Colbert defends drafting Pickett after Steelers’ missteps
Former Steelers general manager Kevin Colbert says the team took a swing on Kenny Pickett with the right expectation after evaluating the Pitt quarterback as a potential start-and-win option. Colbert’s defense comes after Pickett’s era with Pittsburgh ended qu
For a franchise that spent decades searching for its next franchise quarterback, the Steelers’ decisions around Kenny Pickett still sting—especially when you look at the two quarterbacks they passed over in the same stretch.
Before what became the last year of Terry Bradshaw’s career. Pittsburgh had the chance to draft Dan Marino with the 21st overall selection. but it passed. After Ben Roethlisberger’s final game. the Steelers again had a chance to take Pitt product Kenny Pickett. this time with the 20th overall pick. and they moved quickly.
But after only two seasons, the Steelers punted on Pickett.

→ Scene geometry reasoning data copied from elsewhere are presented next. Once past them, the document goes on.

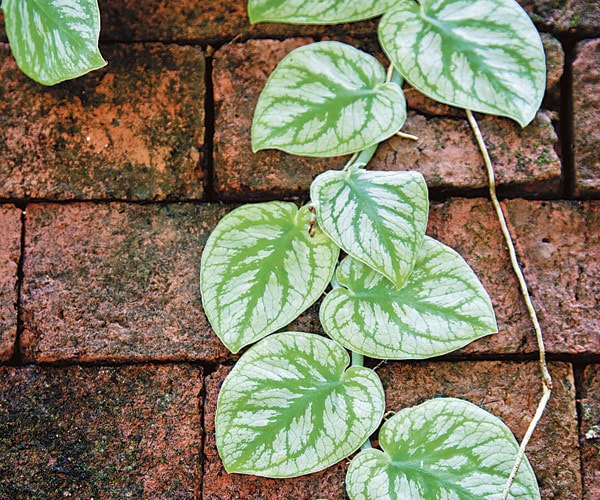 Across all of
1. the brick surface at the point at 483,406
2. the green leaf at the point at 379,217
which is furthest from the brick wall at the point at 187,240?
the green leaf at the point at 379,217

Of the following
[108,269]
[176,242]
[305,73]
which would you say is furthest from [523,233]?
[108,269]

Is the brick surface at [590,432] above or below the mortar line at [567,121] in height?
below

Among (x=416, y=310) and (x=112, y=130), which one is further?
(x=112, y=130)

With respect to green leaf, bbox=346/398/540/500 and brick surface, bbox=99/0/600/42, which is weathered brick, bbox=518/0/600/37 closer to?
brick surface, bbox=99/0/600/42

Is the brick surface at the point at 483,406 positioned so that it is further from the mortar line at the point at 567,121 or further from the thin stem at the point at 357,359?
the mortar line at the point at 567,121

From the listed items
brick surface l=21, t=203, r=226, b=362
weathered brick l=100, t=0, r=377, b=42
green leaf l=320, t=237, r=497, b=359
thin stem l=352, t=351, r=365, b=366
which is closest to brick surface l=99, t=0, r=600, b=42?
weathered brick l=100, t=0, r=377, b=42

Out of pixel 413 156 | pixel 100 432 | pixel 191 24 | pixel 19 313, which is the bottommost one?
pixel 100 432

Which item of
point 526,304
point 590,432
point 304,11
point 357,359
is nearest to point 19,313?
point 357,359

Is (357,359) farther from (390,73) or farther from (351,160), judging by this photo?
(390,73) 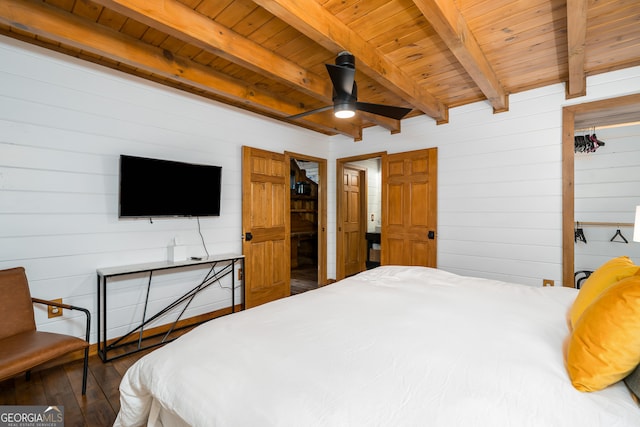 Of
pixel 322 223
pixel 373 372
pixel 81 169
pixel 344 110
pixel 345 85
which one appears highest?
pixel 345 85

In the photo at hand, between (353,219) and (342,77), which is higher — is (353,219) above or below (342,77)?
below

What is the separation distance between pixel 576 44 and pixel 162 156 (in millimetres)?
3746

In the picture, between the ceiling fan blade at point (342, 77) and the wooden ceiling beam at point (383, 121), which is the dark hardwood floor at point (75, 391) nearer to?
the ceiling fan blade at point (342, 77)

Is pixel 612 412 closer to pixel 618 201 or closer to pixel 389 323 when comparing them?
pixel 389 323

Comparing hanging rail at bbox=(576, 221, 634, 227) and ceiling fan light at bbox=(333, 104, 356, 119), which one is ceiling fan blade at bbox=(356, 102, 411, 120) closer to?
ceiling fan light at bbox=(333, 104, 356, 119)

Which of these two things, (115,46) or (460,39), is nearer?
(460,39)

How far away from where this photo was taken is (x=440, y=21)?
1860 millimetres

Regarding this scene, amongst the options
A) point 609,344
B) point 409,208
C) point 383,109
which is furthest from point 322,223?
point 609,344

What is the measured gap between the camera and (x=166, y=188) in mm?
2998

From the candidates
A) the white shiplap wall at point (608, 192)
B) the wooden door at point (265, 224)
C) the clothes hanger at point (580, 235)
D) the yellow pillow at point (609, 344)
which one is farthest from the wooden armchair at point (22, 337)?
the white shiplap wall at point (608, 192)

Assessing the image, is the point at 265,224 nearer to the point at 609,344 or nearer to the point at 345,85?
the point at 345,85

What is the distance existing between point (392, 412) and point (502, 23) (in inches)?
103

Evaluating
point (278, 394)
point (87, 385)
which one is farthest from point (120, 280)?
point (278, 394)

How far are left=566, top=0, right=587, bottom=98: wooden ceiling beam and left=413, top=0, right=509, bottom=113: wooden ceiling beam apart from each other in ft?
1.88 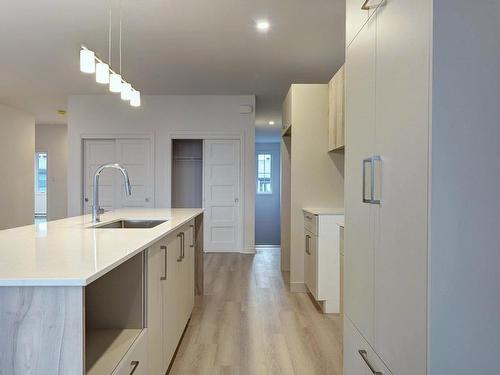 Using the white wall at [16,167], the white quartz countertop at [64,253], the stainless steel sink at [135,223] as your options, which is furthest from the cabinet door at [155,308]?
the white wall at [16,167]

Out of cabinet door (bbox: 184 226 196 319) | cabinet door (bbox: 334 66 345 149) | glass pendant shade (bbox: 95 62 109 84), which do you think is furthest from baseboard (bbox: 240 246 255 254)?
glass pendant shade (bbox: 95 62 109 84)

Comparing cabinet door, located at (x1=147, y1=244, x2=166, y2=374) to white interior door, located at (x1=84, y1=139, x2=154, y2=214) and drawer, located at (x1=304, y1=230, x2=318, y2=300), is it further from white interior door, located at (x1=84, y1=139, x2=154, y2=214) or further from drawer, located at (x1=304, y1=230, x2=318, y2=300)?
white interior door, located at (x1=84, y1=139, x2=154, y2=214)

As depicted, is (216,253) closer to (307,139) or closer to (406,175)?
(307,139)

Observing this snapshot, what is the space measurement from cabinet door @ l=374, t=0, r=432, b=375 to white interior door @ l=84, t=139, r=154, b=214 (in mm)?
5678

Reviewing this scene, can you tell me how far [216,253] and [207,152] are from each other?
1.73m

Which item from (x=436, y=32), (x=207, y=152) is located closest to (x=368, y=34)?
(x=436, y=32)

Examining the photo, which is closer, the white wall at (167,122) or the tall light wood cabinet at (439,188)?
the tall light wood cabinet at (439,188)

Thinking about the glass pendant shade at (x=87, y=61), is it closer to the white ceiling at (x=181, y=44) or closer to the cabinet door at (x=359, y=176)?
the white ceiling at (x=181, y=44)

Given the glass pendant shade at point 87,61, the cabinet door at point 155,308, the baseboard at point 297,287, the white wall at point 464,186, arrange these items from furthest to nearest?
the baseboard at point 297,287 → the glass pendant shade at point 87,61 → the cabinet door at point 155,308 → the white wall at point 464,186

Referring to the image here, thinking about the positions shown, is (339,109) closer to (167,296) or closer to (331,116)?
(331,116)

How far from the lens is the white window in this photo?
40.4 ft

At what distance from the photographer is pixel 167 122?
21.3ft

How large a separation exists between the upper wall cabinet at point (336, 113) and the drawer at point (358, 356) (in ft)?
6.69

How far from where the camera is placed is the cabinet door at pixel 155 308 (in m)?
1.66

Earlier this week, former Steelers G.M. Kevin Colbert defended the original decision to draft the quarterback during an appearance on 93.7 The Fan in Pittsburgh. Colbert’s argument was direct: Pittsburgh believed it had found the type of quarterback who could stabilize its offense right away.
“We projected Kenny to be a start-and-win NFL quarterback, and quite honestly, he lived up to that in his first two seasons with us,” Colbert said, via Jack Markowski of SI.com. “For us, he was 14-10 and trending in the right direction. So that’s what we thought we had in Kenny.”
Colbert retired before Pittsburgh made the trade that sent Pickett to the Eagles. He spent the 2024 season in Philadelphia, where he won a Super Bowl ring, unlike Marino. The following year, 2025, found Pickett in Las Vegas—after being traded to the Browns and then to the Raiders.
Now, Pickett sits on the Panthers’ depth chart behind starter Bryce Young. The shift from a Steelers draft pick with big expectations to a player working his way back for another chance doesn’t change how Colbert views his former quarterback’s ceiling.
“Kenny’s a great young man,” Colbert said. “He’s a great competitor. . . . And I still think at a young age, I still think Kenny can continue to build on what he did with us in those first two seasons.”
Pickett is now 28, and the next step is straightforward: he needs a real opportunity to play—and play well—if he wants to earn a chance to compete for a starting role again. For now, he’s been relegated to journeyman status.
The bigger question sits with the Steelers, who still don’t have a long-term answer at quarterback. They went 20 years between Bradshaw and Roethlisberger because they rarely picked high enough to get a potential franchise quarterback. and owner Art Rooney II has made it clear the team has no desire to “rebuild” in a way that simply hopes a top-10 selection will hand them the next savior.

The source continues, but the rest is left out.